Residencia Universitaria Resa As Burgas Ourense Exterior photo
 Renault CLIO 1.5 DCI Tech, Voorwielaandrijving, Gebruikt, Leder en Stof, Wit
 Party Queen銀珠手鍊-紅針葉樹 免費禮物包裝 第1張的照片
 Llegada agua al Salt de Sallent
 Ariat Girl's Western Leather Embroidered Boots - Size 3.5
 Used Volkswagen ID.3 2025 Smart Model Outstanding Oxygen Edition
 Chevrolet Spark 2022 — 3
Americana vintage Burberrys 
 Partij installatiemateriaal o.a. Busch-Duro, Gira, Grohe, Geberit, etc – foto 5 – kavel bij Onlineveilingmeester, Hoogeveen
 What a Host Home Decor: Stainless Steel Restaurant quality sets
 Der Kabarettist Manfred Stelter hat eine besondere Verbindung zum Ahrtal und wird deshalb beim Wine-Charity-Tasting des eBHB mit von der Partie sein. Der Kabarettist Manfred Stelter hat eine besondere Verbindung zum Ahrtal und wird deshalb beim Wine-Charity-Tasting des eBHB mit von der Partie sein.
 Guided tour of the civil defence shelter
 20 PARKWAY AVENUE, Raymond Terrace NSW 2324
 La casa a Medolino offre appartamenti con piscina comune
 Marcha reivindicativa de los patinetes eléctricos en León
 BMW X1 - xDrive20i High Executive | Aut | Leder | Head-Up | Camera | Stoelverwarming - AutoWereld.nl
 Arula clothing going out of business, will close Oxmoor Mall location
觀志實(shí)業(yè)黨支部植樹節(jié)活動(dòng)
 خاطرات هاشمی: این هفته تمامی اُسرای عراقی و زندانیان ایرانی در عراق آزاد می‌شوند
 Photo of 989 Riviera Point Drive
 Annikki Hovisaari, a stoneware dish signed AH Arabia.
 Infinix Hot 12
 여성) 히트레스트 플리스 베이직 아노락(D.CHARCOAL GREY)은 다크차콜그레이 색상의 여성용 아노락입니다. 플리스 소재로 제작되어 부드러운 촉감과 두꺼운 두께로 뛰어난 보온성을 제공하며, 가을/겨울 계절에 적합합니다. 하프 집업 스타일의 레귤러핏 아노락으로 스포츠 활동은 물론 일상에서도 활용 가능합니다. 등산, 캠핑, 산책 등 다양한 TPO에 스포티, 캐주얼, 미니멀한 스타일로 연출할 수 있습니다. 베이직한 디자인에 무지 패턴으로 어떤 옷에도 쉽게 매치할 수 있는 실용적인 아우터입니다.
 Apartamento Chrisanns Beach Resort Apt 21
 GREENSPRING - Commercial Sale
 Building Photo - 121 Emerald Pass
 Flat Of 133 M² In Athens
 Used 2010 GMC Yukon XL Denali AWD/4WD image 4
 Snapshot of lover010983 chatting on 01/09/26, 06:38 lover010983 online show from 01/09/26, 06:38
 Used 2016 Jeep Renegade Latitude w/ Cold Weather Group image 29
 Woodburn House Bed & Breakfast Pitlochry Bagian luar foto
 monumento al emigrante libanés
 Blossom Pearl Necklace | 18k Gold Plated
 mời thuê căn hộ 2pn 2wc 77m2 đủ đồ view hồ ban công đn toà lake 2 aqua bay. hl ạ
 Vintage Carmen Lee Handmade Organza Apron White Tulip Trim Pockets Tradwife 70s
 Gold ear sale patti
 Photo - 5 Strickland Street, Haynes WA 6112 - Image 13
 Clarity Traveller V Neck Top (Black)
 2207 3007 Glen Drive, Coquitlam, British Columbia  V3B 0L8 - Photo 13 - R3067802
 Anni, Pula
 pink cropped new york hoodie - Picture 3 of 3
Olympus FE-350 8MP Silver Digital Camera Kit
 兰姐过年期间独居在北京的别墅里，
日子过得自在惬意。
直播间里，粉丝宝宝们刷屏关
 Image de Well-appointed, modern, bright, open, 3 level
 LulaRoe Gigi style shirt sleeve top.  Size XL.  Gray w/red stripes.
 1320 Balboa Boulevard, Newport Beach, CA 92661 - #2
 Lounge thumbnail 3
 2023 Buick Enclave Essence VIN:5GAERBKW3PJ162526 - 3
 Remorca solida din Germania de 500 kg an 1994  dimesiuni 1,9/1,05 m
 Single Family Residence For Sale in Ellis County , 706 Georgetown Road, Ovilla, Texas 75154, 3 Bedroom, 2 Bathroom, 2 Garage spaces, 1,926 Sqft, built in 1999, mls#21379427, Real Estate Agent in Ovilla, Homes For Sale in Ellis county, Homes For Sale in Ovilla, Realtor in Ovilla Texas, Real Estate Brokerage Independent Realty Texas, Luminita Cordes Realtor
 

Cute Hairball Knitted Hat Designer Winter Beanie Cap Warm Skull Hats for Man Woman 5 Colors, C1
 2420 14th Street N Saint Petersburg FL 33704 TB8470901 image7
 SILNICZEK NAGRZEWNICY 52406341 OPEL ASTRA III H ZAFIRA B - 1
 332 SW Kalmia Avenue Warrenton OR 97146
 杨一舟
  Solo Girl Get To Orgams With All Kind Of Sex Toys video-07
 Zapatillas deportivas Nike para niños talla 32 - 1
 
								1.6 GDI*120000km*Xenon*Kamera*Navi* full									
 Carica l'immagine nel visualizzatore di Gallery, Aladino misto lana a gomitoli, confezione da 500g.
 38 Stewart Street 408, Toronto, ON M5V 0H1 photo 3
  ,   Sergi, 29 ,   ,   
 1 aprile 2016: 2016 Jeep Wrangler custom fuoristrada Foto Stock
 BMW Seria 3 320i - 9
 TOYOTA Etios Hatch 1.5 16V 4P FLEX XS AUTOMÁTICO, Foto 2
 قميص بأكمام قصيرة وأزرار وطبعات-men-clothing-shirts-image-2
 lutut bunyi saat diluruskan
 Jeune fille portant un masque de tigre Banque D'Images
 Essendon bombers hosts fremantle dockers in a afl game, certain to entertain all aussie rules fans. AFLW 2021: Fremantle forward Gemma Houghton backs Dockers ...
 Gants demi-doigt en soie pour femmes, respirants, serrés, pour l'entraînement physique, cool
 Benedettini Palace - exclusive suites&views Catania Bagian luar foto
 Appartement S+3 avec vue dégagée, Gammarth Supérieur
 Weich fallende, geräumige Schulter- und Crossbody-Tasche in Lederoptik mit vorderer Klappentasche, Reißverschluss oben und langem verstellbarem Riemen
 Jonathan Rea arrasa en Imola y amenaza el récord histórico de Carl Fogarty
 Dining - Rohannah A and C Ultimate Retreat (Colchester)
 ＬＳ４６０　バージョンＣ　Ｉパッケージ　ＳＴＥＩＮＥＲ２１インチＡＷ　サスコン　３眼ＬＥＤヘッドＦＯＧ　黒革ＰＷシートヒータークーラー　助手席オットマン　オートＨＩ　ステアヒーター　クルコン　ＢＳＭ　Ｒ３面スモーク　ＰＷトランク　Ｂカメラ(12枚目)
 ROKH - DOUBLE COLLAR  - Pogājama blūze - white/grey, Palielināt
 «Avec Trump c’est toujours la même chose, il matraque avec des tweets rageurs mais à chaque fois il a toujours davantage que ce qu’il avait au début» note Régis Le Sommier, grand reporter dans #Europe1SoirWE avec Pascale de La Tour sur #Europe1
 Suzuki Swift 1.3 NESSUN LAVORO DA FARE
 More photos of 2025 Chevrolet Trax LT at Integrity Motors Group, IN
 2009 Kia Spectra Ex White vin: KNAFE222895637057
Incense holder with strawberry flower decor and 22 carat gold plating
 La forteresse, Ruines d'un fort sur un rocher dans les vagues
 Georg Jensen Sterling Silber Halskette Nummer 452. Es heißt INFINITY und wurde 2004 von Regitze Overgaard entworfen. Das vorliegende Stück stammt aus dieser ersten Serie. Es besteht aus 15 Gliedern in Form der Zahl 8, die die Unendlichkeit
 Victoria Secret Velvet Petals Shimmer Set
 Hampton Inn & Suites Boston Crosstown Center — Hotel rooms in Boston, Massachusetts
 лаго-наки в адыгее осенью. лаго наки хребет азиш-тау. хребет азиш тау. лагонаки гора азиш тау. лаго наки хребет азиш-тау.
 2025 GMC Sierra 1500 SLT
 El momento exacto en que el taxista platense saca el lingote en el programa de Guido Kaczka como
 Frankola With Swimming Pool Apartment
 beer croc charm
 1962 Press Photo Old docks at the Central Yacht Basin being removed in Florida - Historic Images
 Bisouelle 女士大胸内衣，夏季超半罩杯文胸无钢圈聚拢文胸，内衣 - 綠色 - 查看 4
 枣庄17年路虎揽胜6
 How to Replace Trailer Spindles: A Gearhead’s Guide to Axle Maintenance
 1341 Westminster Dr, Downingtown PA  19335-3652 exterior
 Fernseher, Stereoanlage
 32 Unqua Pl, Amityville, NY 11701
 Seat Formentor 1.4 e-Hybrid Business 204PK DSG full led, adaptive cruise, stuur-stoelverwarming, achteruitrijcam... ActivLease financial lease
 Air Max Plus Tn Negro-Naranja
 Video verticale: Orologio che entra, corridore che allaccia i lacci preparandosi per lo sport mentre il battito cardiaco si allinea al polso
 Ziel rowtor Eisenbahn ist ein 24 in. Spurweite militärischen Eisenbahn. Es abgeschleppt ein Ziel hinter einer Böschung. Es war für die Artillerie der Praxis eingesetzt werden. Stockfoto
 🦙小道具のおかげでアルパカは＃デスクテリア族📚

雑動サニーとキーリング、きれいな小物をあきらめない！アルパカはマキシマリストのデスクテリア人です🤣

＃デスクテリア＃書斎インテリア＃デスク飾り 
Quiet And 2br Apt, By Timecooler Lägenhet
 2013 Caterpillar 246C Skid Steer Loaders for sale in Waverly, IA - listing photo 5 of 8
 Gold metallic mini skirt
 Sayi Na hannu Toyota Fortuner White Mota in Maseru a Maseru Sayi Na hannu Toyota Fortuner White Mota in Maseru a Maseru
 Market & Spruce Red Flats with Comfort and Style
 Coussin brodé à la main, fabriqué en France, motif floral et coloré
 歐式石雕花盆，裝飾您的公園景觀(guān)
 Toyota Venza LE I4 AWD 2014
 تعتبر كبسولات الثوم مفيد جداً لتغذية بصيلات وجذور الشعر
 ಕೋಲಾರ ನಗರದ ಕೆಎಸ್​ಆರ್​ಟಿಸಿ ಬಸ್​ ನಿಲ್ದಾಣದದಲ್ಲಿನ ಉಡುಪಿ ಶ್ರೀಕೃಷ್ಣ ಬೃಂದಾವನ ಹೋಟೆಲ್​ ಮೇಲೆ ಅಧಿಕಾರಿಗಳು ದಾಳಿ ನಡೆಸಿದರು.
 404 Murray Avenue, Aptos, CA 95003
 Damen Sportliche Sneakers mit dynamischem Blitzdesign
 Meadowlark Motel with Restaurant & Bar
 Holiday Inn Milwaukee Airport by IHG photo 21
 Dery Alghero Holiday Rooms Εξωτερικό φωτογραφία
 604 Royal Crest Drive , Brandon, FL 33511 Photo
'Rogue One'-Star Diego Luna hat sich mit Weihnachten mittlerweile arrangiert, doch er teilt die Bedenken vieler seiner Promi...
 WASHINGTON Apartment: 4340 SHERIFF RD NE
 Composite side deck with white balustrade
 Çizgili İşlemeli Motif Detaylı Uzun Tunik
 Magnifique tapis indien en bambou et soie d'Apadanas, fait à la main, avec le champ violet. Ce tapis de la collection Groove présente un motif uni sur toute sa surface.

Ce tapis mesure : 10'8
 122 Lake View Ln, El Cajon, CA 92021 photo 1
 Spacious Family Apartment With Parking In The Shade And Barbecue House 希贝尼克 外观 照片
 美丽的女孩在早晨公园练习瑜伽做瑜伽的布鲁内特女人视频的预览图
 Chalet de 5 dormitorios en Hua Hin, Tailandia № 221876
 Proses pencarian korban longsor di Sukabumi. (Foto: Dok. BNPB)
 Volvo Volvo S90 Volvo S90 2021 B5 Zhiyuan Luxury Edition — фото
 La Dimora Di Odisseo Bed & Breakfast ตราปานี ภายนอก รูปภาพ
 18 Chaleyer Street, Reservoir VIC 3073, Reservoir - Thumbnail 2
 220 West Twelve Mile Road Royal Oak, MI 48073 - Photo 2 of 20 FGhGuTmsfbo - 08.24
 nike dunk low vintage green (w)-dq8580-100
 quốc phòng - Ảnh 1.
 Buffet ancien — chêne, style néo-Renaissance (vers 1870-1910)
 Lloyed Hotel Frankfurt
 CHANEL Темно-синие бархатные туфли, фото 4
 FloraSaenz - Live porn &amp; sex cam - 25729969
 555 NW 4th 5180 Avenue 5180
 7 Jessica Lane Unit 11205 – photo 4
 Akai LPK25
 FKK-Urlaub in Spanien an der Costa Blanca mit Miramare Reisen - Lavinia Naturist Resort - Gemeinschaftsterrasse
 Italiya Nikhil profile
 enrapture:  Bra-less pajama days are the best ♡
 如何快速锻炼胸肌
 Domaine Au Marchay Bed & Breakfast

Assignment>
From the records above, pull out every line containing the word "Holiday".

Exercise solution>
 Holiday Inn Milwaukee Airport by IHG photo 21
 Dery Alghero Holiday Rooms Εξωτερικό φωτογραφία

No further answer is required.